# [Material supplied]
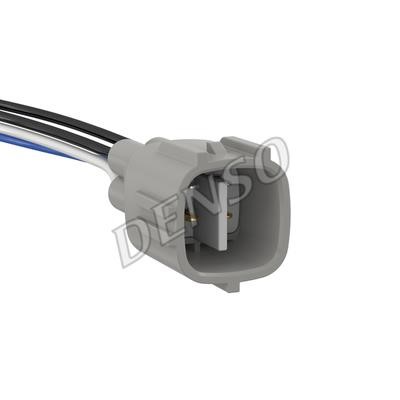 Buy DENSO DOX-0613 at a low price in United Arab Emirates!
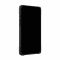Чохол UAG для iPhone 18/17 Pro Max, Plasma XTE MagSafe, Black/Clear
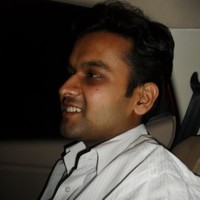 Piyush Upadhyay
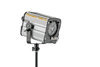 HEDLER Primalux LED 1000 color (fokusierbar, dimmbar)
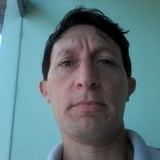 Nivaldo Benedito Guimarães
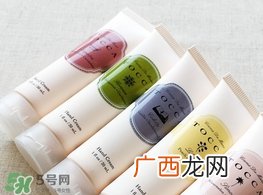 tocca护手霜多少钱?tocca护手霜专柜价格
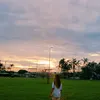 itsmejamiee.xrss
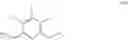 Fig. 258 - Methods of preparing cytotoxic benzodiazepine derivatives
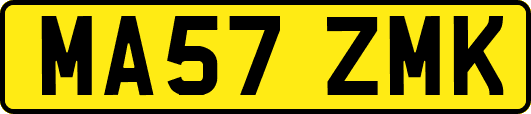 MA57ZMK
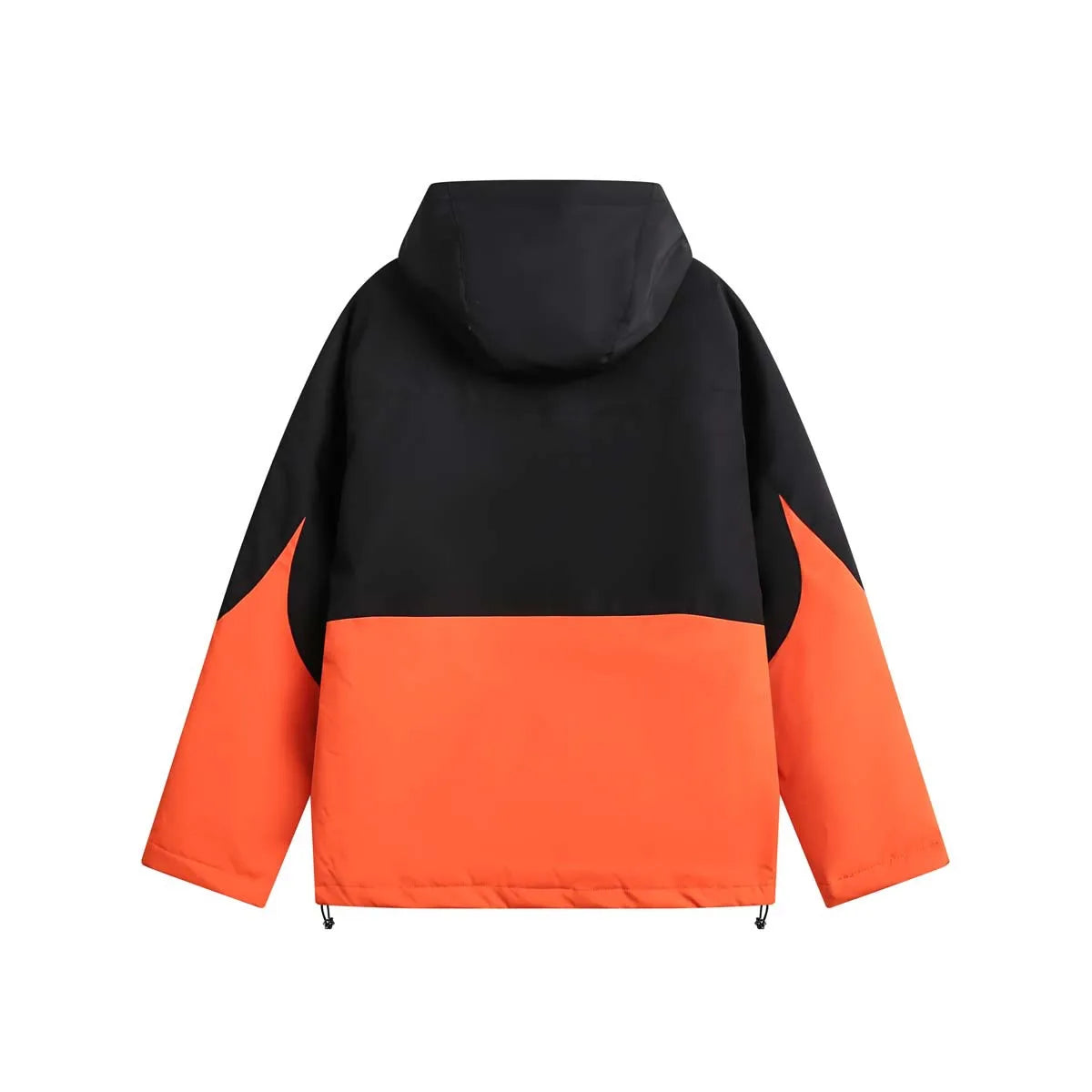 Men's Down Jackets 2023 Winter Outdoor Functional 90% White Duck Down Jacket Warm Cargo Coat Thick Outwear Hip Hop Streetwear Street King Limited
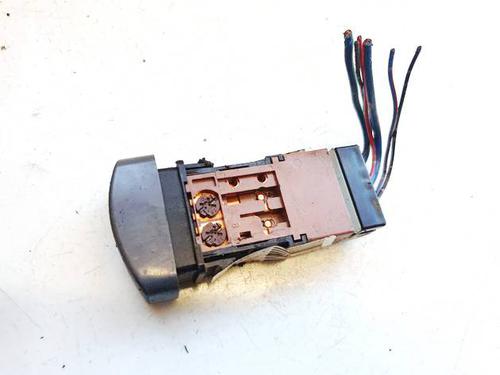 Used Switch Switch 35084547 35084547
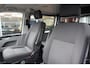 Volkswagen Transporter 2.0 TDI L2H1 DC Comfortline | Dubbel Cabine | Automaat | Airco | Elek. Pakket | LM Velgen | Inruil mogelijk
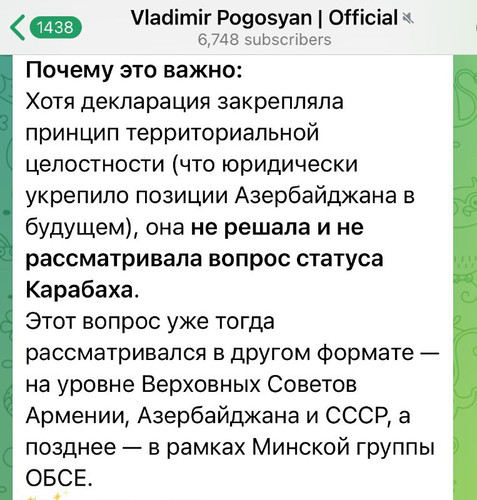 R nc8UIT pAJ3U 0u48CFgK Cd0CXA a8vgcmrAbikaT2gVCkyzjML1M0JV UpYpLxQazJViad fDNhYInpo3Qx YD 3ovKDsdFU.jpg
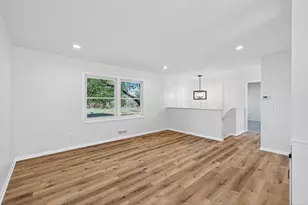 4329 Lakeland Ave N, Robbinsdale, MN 55422 - Photo 10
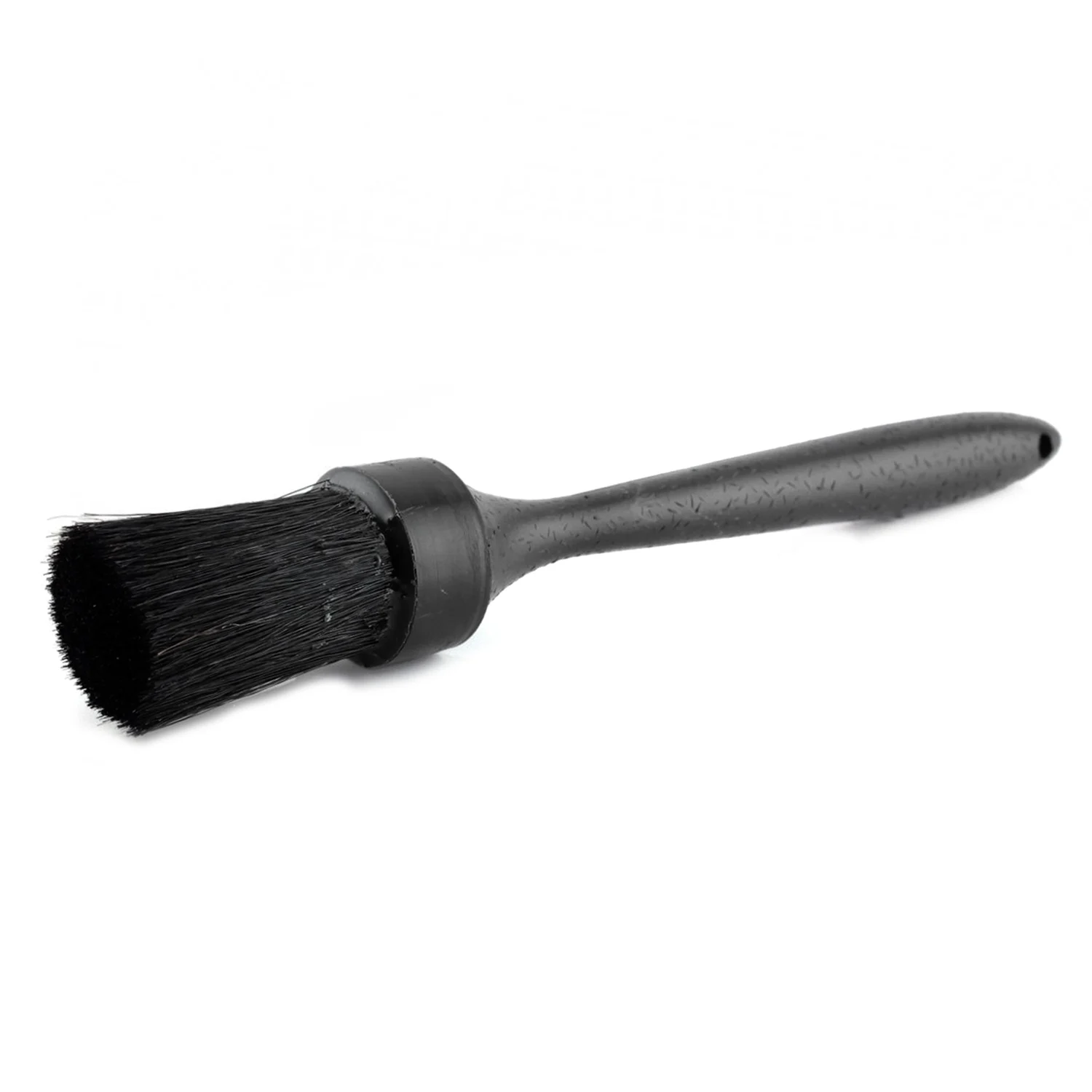 Round Detailing Brush (1.25 Inch) - Image 2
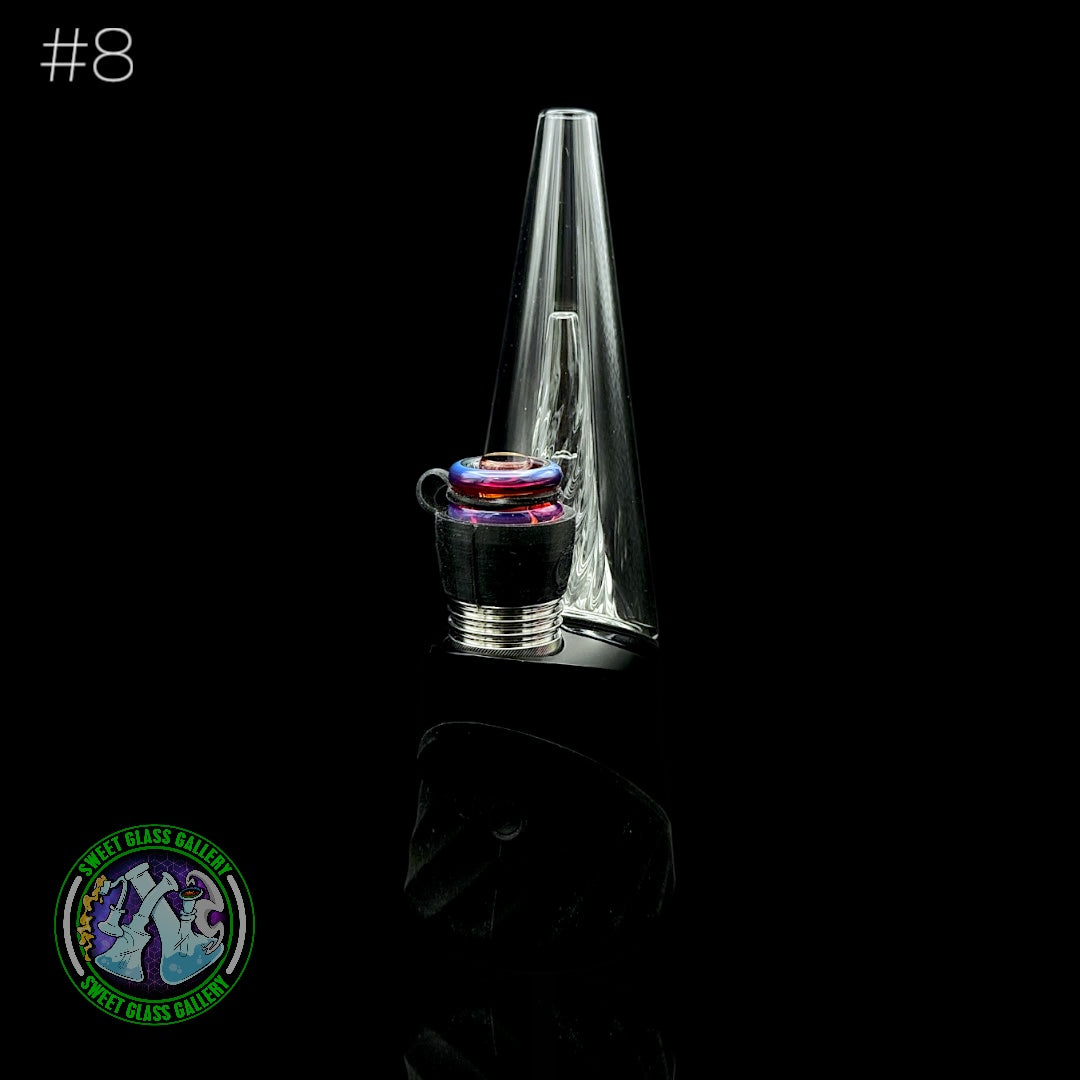 One Trick Pony - Rockulus - Peak Pro 3DXL #8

# [Prompt]
Exactly as written, return each line above and leave the pictures behind.

# [Output of the task]
 Buy DENSO DOX-0613 at a low price in United Arab Emirates!
Чохол UAG для iPhone 18/17 Pro Max, Plasma XTE MagSafe, Black/Clear
 Piyush Upadhyay
 HEDLER Primalux LED 1000 color (fokusierbar, dimmbar)
 Nivaldo Benedito Guimarães
 tocca护手霜多少钱?tocca护手霜专柜价格
 itsmejamiee.xrss
 Fig. 258 - Methods of preparing cytotoxic benzodiazepine derivatives
 MA57ZMK
 Men's Down Jackets 2023 Winter Outdoor Functional 90% White Duck Down Jacket Warm Cargo Coat Thick Outwear Hip Hop Streetwear Street King Limited
 Used Switch Switch 35084547 35084547
 Volkswagen Transporter 2.0 TDI L2H1 DC Comfortline | Dubbel Cabine | Automaat | Airco | Elek. Pakket | LM Velgen | Inruil mogelijk
 R nc8UIT pAJ3U 0u48CFgK Cd0CXA a8vgcmrAbikaT2gVCkyzjML1M0JV UpYpLxQazJViad fDNhYInpo3Qx YD 3ovKDsdFU.jpg
 4329 Lakeland Ave N, Robbinsdale, MN 55422 - Photo 10
 Round Detailing Brush (1.25 Inch) - Image 2
 One Trick Pony - Rockulus - Peak Pro 3DXL #8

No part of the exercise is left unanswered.